2014 Record and Finish: 66–96 (.407), fourth place in NL West (29th overall)
2015 Projected Record and Finish: 69–93 (.426), fourth place in NL West (27th overall)
The Case For
The Rockies have some talent but they need a few things to go their way, namely: Troy Tulowitzki and Carlos Gonzalez must stay healthy; outfielder Corey Dickerson must fulfill high expectations; third baseman Nolan Arenado must continue to mature into a two-way star; first baseman Justin Morneau must prove his 2014 comeback season was not a fluke; and Drew Stubbs and Charlie Blackmon must form a productive platoon in center. If all that happens, Colorado will have a powerful offense to go with an outstanding defensive infield and a defensive upgrade at catcher with Nick Hundley.
The Case Against
Colorado won 66 games last year and its off-season additions to the 40-man roster were Hundley, a 31-year-old defense-first catcher; Kyle Kendrick, a 30-year-old pitcher with a career 91 ERA+; David Hale, a 27-year-old righty who struck out 4.5 men per nine innings last year; Daniel Descalso, a utility infielder whom the Cardinals non-tendered; John Axford, a former closer who will turn 32 before Opening Day and is on his fifth organization since August 2013; and rookie relievers Jairo Diaz and Jorge Rondon, neither of whom is likely to make the team. The Rockies have won no more than 74 games in any of the last four seasons and, despite switching general managers for just the second time ever, they did nothing substantial this offseason. They are putting all of their eggs in the baskets labeled “Tulo” and “CarGo” and hoping they won’t break.
Even if those two stay healthy—something they haven’t both done in the same season since 2009, when Gonzalez was still a part-time player—Colorado lacks the pitching to be a serious contender. Last year, the Rockies had a staff ERA+ of 88, and both their team ERA (5.05) and fielding independent pitching mark (4.43) were major-league-worsts, and not by a little. Kendrick, Hale and Axford aren’t going to fix that, and Jhoulys Chacin looked so bad this spring that he was released despite being owed $5.5 million this season. And even if top prospect Jon Gray, who has impressed in camp and projects as a future ace, does reach the majors this year, he’ll likely do so no earlier than midseason and will have an innings limit, to boot.

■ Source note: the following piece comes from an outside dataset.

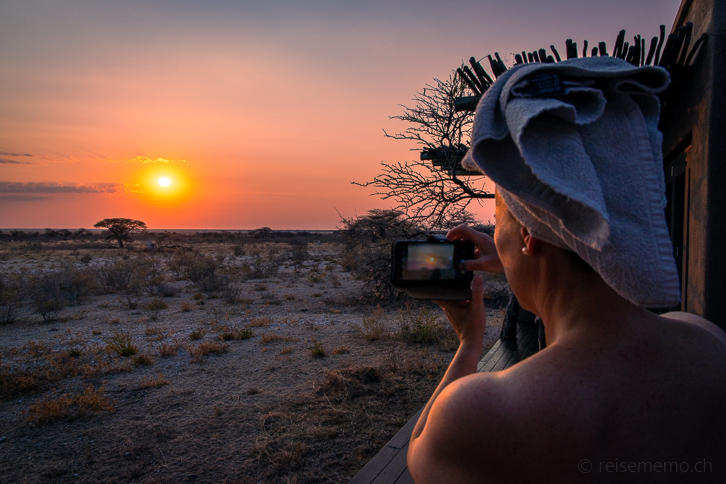 Onguma The Fort – Luxuscamp für Safaris im Etosha Nationalpark 5 Sonnenuntergang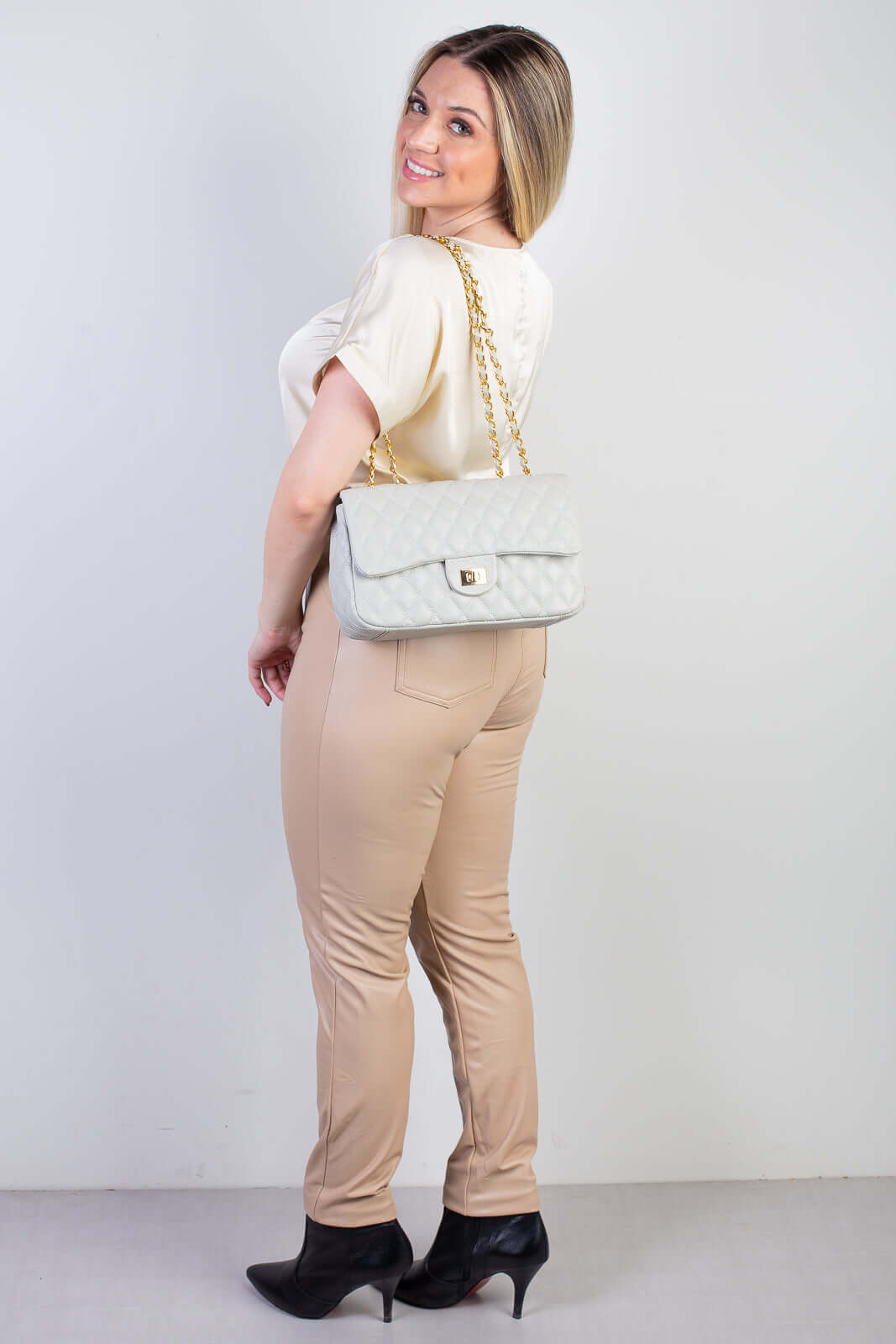 Bolsa de couro matelassê quilted Penélope - Enluaze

The Rockies need some sort of upgrade to the rotation, be it from within or via a trade, but with defensively-challenged catcher Wilin Rosario their top trade chip, such a move is all but impossible. All this makes a winning record for Colorado unlikely. Contention seems impossible.
X-Factor: Tulo and CarGo
The Rockies’ fates revolve around these two fragile stars right now. Will they stay healthy and help the team exceed expectations? Will they get hurt and drag Colorado down? Will they be traded, netting prospects and payroll flexibility? Will they remain and limit the team’s ability to acquire either? It’s tempting to say that we have no idea what to expect, but the sad truth is we do: They’re very likely going to get hurt.
Gonzalez, who is owed $53 million through 2017, has averaged just 110 games per year since playing in a career-high 145 in 2010. The only reason the two-time Al-Star outfielder avoided the disabled list in '12—the only year since then that he has—was that the injury that would have sent him there, a hamstring strain, didn’t happen until after rosters expanded in September. Tulowitzki has actually played in 140 or more games in a season three times, but he last did so in '11, when he also had a September injury: bursitis in the same left hip that cost him the second half of last season. He has averaged just 88 games per season since then. Now 30, his prime is behind him, and he only seems to be getting more fragile. That's not a good sign for a shortstop who is owed $114 million over the next six years, plus a $4 million buyout in 2021.
Number To Know: 12.0 bWAR
From 2010 to '13, Tulowitzki and Gonzalez’s combined for 12.0 Wins Above Replacement per 162 games, according to Baseball-Reference.com’s version of the stat. That’s the difference between a 70-win season and an 82-win season. However, since the extra wild-card spot was added for the 2012 season, no team has made the playoffs with fewer than 88 wins. The Rockies fell four wins shy of 70 last year, and Tulo and CarGo didn’t even miss the entire season (though Gonzalez was so bad, posting an 89 OPS+, that he might as well have).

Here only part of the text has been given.